It was 2015 when the acquisitive Brazilian investment giant, 3G Capital, took over Kraft Foods and merged it with HJ Heinz, the catsup maker, which it already owned. In this deal, Warren Buffet provided much of the cash, knowing full well that there were profits to be made, given the strong reputation of 3G Capital of being world-class when it comes to cost-cutting.
Kraft Foods, producers of famous consumer products such as Oscar Meyer, had been struggling for years in the very competitive food products industry, saddled with old manufacturing facilities and excess personnel. Clearly, the company was fat and happy making mediocre profits but disappointing Wall Street regularly because of its bloated structure which prevented anything spectacular from happening from a profit perspective.

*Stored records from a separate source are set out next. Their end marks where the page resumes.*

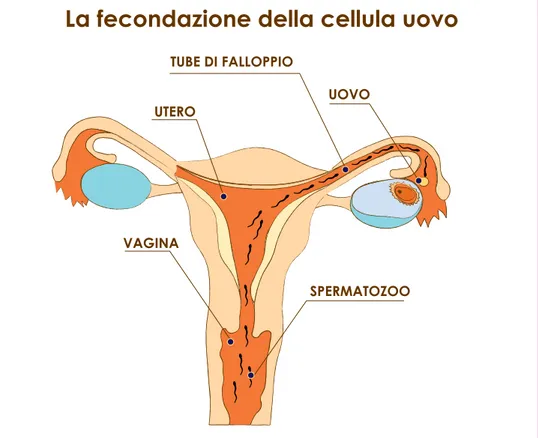 Figura 3  -  La fecondazione della cellula uovvo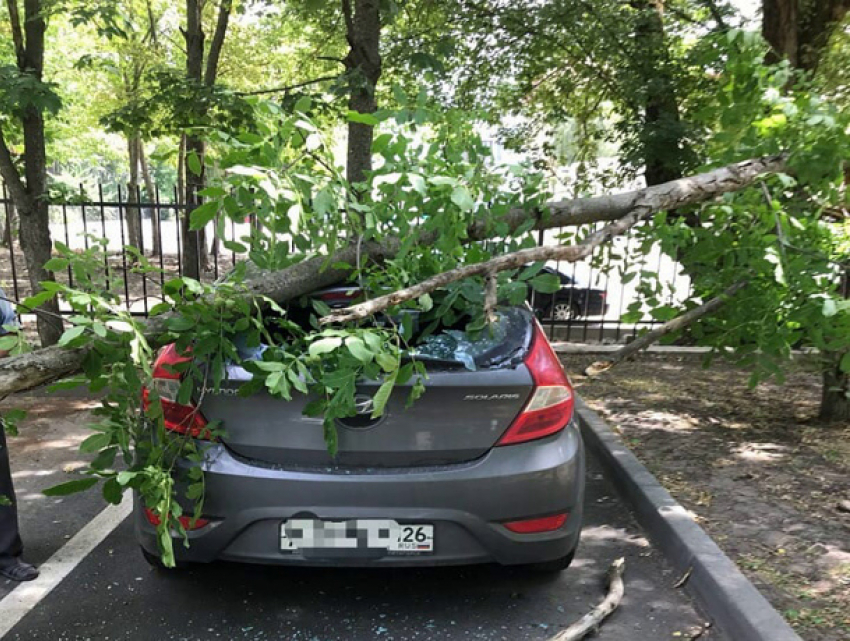 На припаркованную возле дома машину упало дерево в Ставрополе
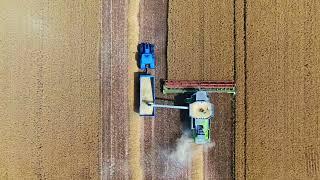 Harvest Time | Drone 4K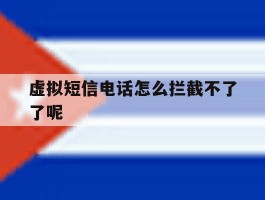 虚拟短信电话怎么拦截不了了呢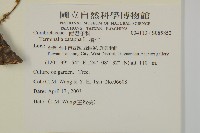 欖仁藏品圖，第2張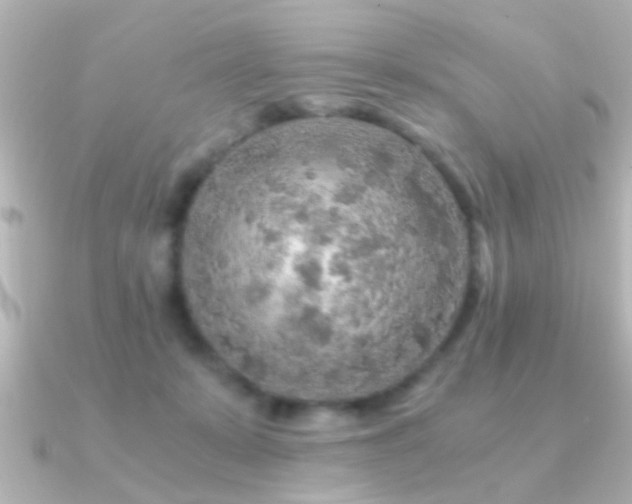 X0000091180319200708091226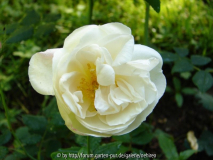 Madame Plantier halbgefüllt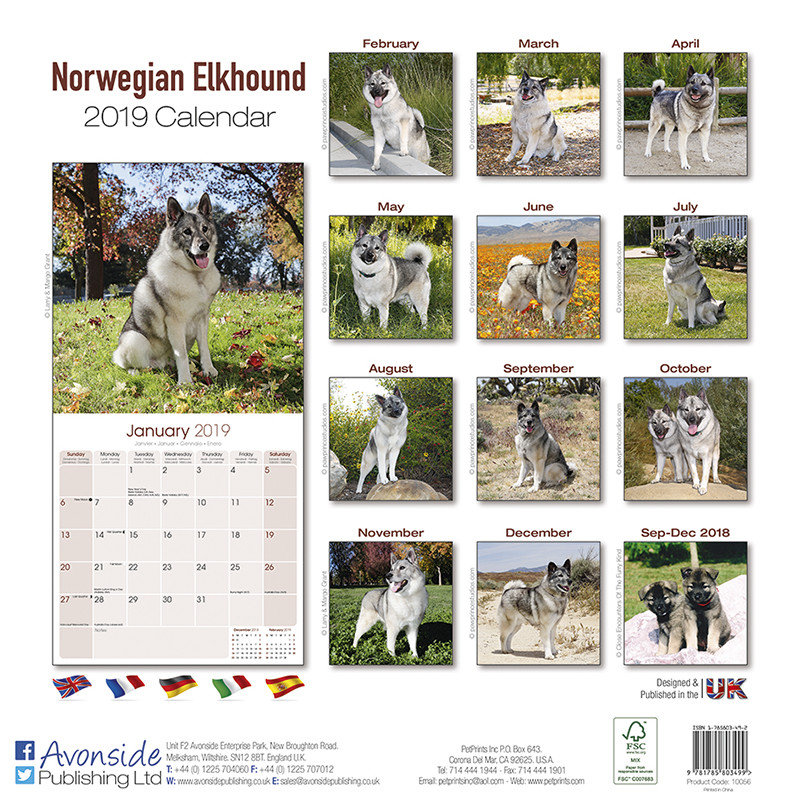 Norwegian Elkhound Calendriers 2025 Achetez sur Europosters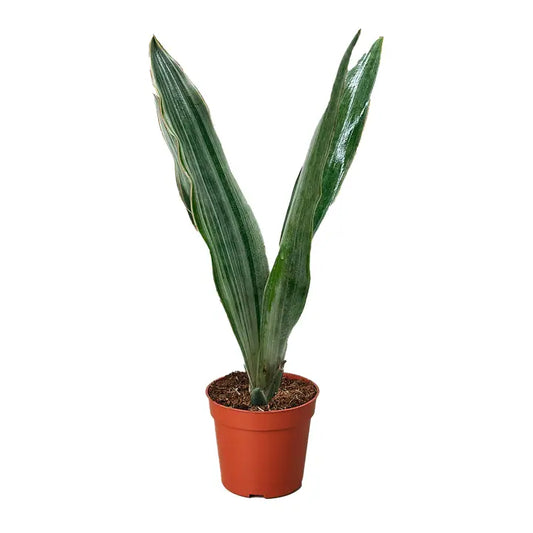 Snake 'Sayuri'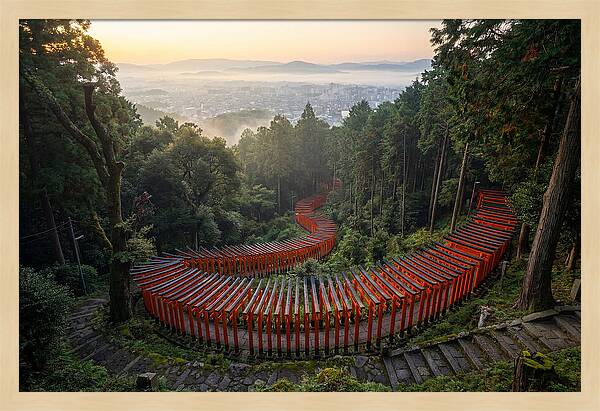 Fushimi Inari Shrine At Dawn
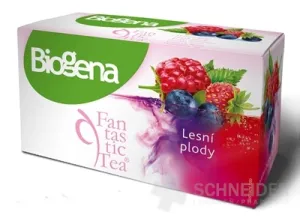Biogena Fantastic Tea Wildbeeren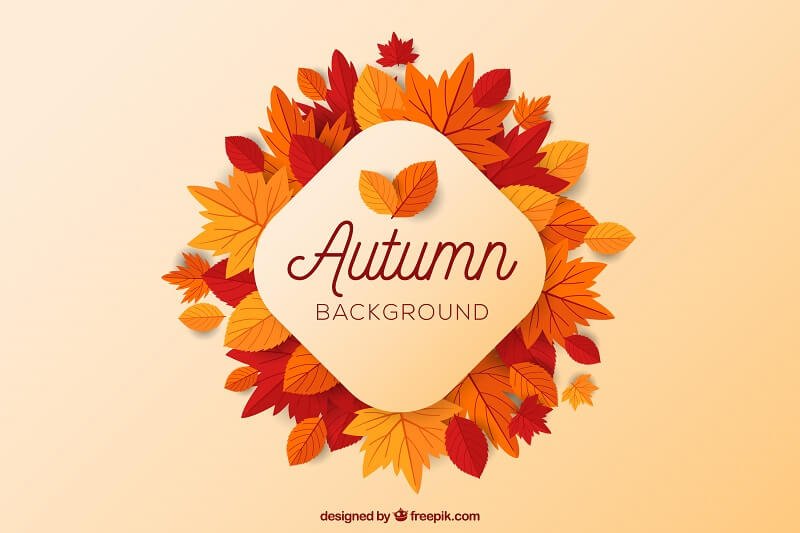 Autumn Vector Graphics
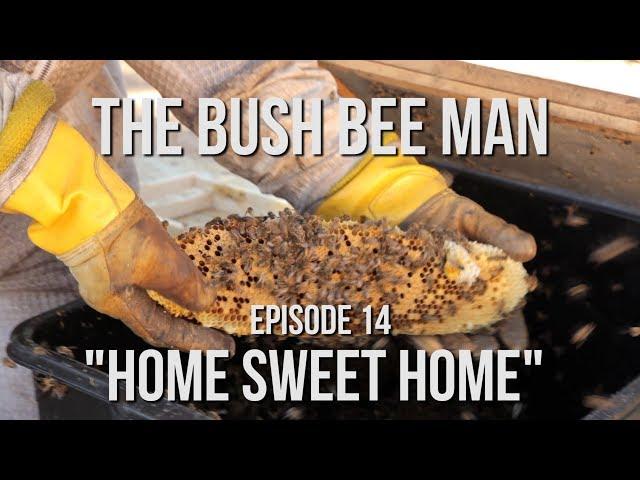 Rehoming a Wild Hive - Episode 14: "Home Sweet Home"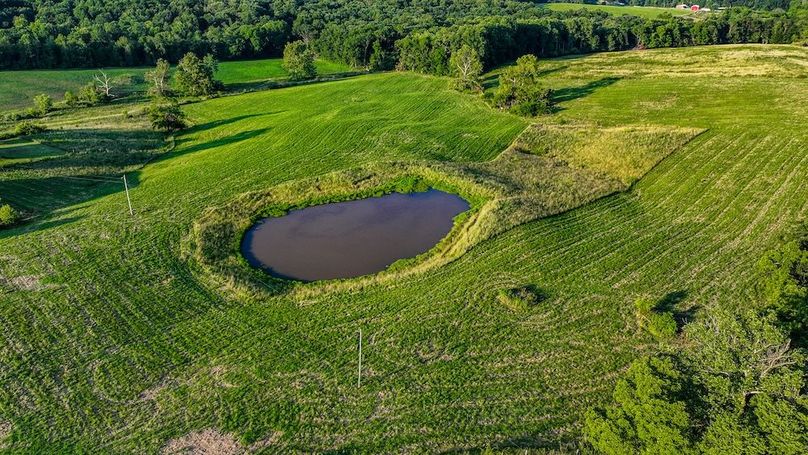 dji_fly_20250705_195530_0426_1751759910467_photo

3G immediately went to work and within a little over 2 years Kraft Heinz was operating at the highest profit margin versus its peers in the U.S. food industry. One example that enabled them to achieve these results was the complete overhaul of the ancient Oscar Meyer food processing plant, eliminating 500 jobs while increasing the output of the facility by 17%.
What 3G Capital has exploited very successfully over recent years is the fact that most organizations get fat and bureaucratic over time, due to three basic human tendencies that all courageous leaders need to guard against:
1.) Managers Consistently Ask for More People, Regardless of Their Situation – In general, no matter whether an organization is thriving or struggling, the manager of that group seems to always come up with an argument for why they need more people. When asked to take on a particular task or expand the capabilities of their organization, rarely do they pass up the opportunity to ask for more people in order to do this, claiming there is no way they can cut anything they are currently doing to take on the task, and there is no way they can squeeze extra work into their existing staff.
2.) Managers Are Always Arguing that Their Work/Projects are a Key Priority – Their creativity in finding ways to defend their projects is limitless. They will endlessly fight off any suggestion that some of their projects are less important than others and should be eliminated or reduced in size.
3.) Managers Form Fiefdoms and Duplicate Existing Corporate Services & Systems – Most managers want total independence. They want to have their own systems group, duplicating the efforts of any corporate system resources. They believe they need their own financial and HR resources, thus duplicating the corporate finance/HR resources. You get the idea!
Stepping back, the strong leader will recognize the fact that all humans are wired with these tendencies; yes, that includes you and me! Leaders need to rise above these tendencies and lead!